На Севере весна, полярный день вступил в свои права, и под водой очень светло. Естественная освещенность такая, что в солнечный полдень на глубине 150 метров у верхнего иллюминатора можно читать газету, хотя и с трудом. В предыдущие плавания «Северянки» дальность действия подводных прожекторов не обеспечивала наблюдения за тралами и сетями без риска запутаться в них. Тогда этот пункт программы исследований было решено отложить до лучших, т.е. более светлых, прозрачных вод.
Это третья экспедиция на «Северянке». В Атлантическом океане мы вряд ли нашли бы район с такой прозрачностью, как здесь, у побережья Кольского полуострова. Задача коллектива экспедиции – наблюдать за тралом. Зачем? Дело в том, что наш трал являлся не совсем обычным, а разноглубинным.
Трал для лова рыбы в толще воды представляет собой довольно сложное сооружение. Главная его часть – сетной мешок, гибкая конструкция сложной формы. Правильно рассчитанный траловый мешок под влиянием сил сопротивления воды принимает определенную форму. Передняя часть трала, которой он захватывает рыбу, называется устьем. У него четыре стороны, или, как их именуют, подборы. К подборам присоединяются буксирные тросы-ваера, идущие к траулеру. Горизонтальное раскрытие устья трала обеспечивается распорной силой, создаваемой во время движения закрепленными на буксирных тросах плоскими площадками-досками. Вертикальное раскрытие зависит от количества поплавков на верхней подборе и грузов на нижней. Горизонт хода трала, т. е. глубина, на которой он движется, зависит от длины буксирных тросов и скорости хода траулера. Инженеры, проектирующие тралы, не имеют возможности проверить в полной мере их работу в воде. А ведь достаточно небольшого просчета – и вместо уловистого трала за кормой судна будет буксироваться никому не нужный бесформенный груз из тросов и веревок.

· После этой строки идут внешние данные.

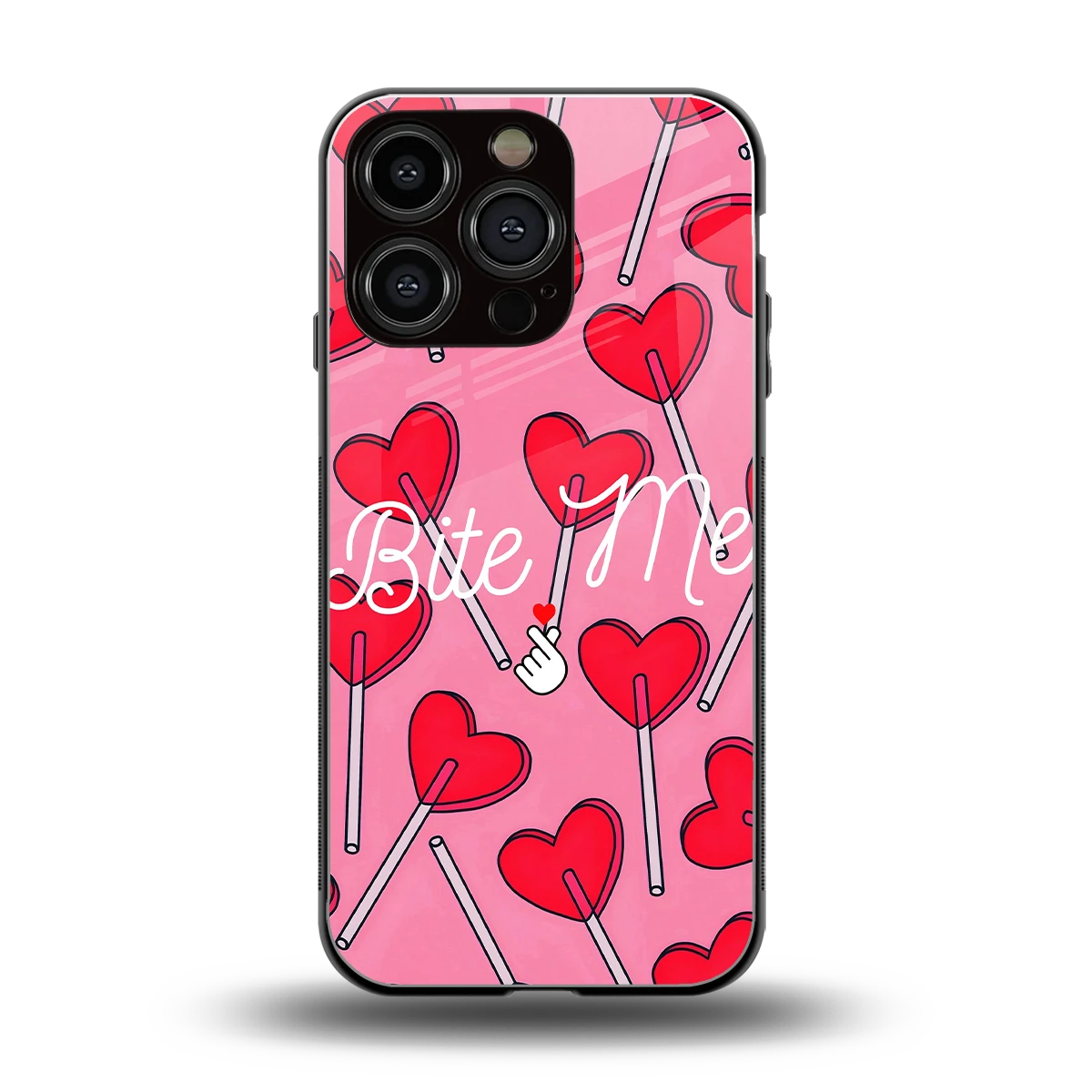 Bite Me back phone cover | glass case for iphone 16 pro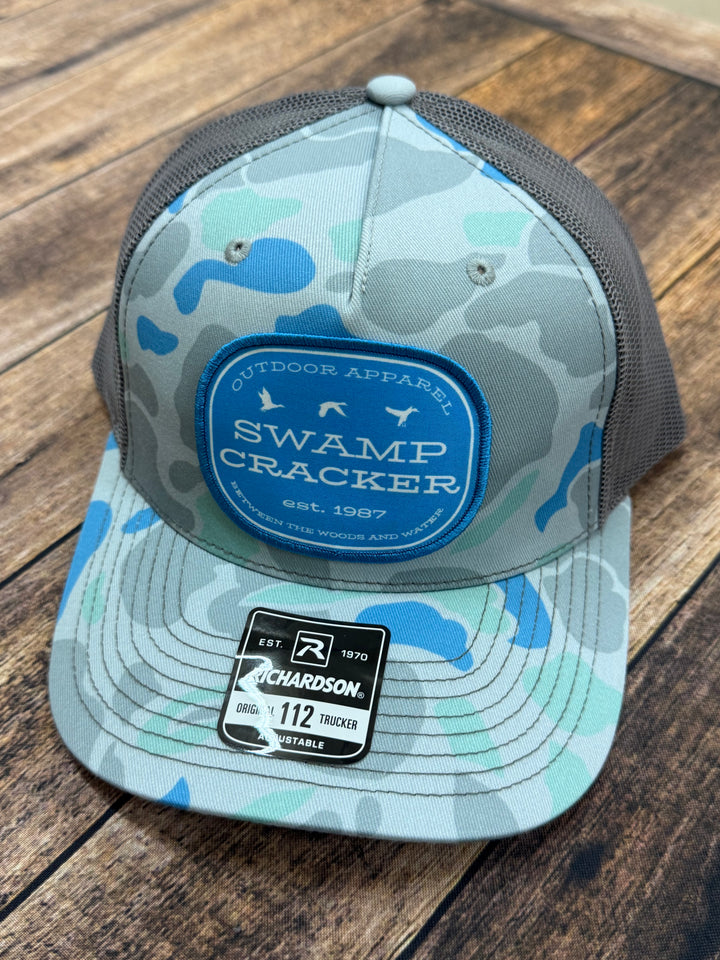 Swamp Cracker Duck Duck Goose Blue patch hat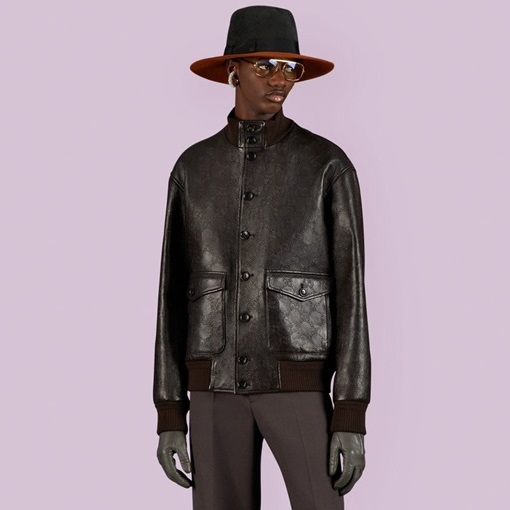 グッチメンズモダンブラウンジャケットu925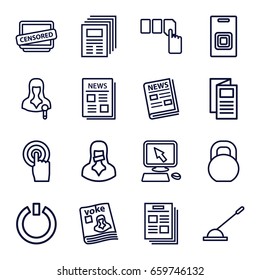 Press icons set. set of 16 press outline icons such as pointer on display, push button, news, barbell, magazine, woman speaker, touchscreen, arm lever, censored woman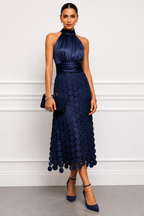 Halter midi dress with satin bodice and circular appliqué skirt, occasion wear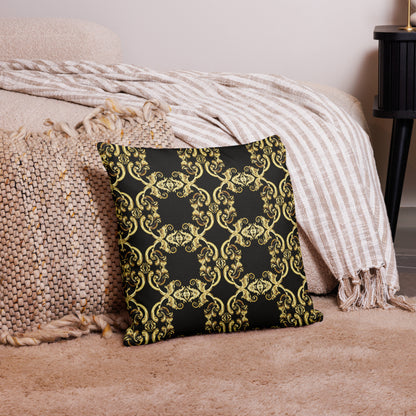Gold Motif & Baroque Black Premium Decorative Pillows | Bach Baroque Harmony Collection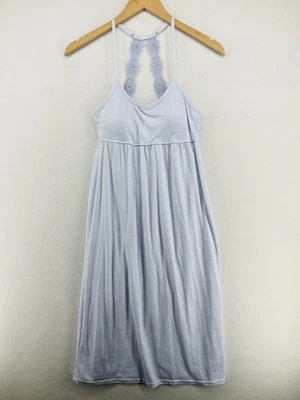 Vestido LAURA ASHLEY S Camisón a Rayas Babydoll Correa de Encaje Acolchado Azul Foto 1 de 4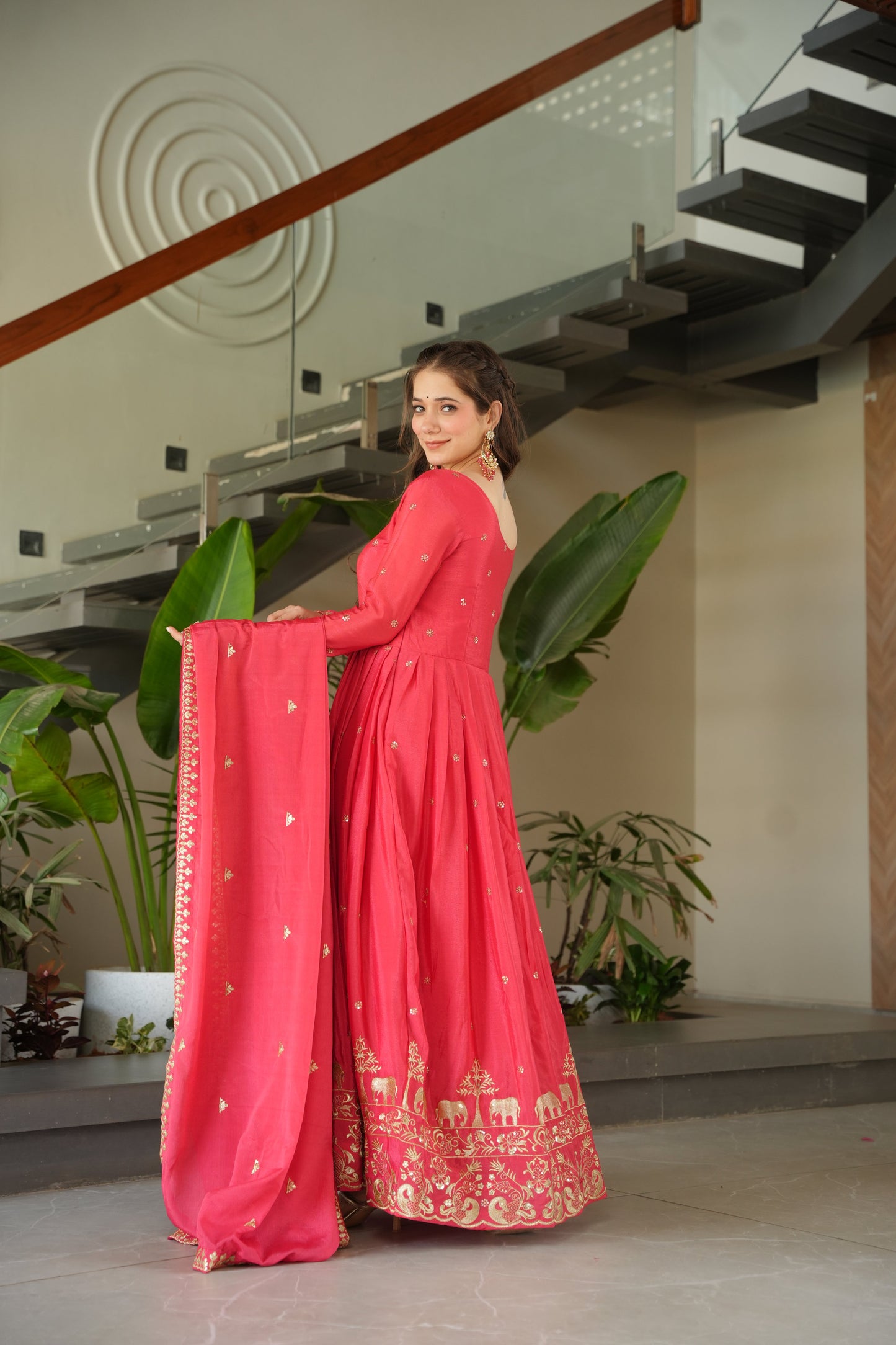 Peach Chinon Embroidered Readymade Gown with Dupatta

Рассчитывать днем на встречу с рыбой во время наблюдений за тралом не приходилось. Вряд ли какая-либо даже самая отважная из рыб захочет сблизиться с восьмидесятиметровым стальным чудовищем, да еще когда под водой так хорошо видно. Кроме того, в этом районе в толще воды нам могла встретиться только такая несолидная рыбка, как мойва, но ее стаи пока не фиксировались гидроакустическими приборами «Северянки», хотя мы в течение трех суток и пытались их обнаружить.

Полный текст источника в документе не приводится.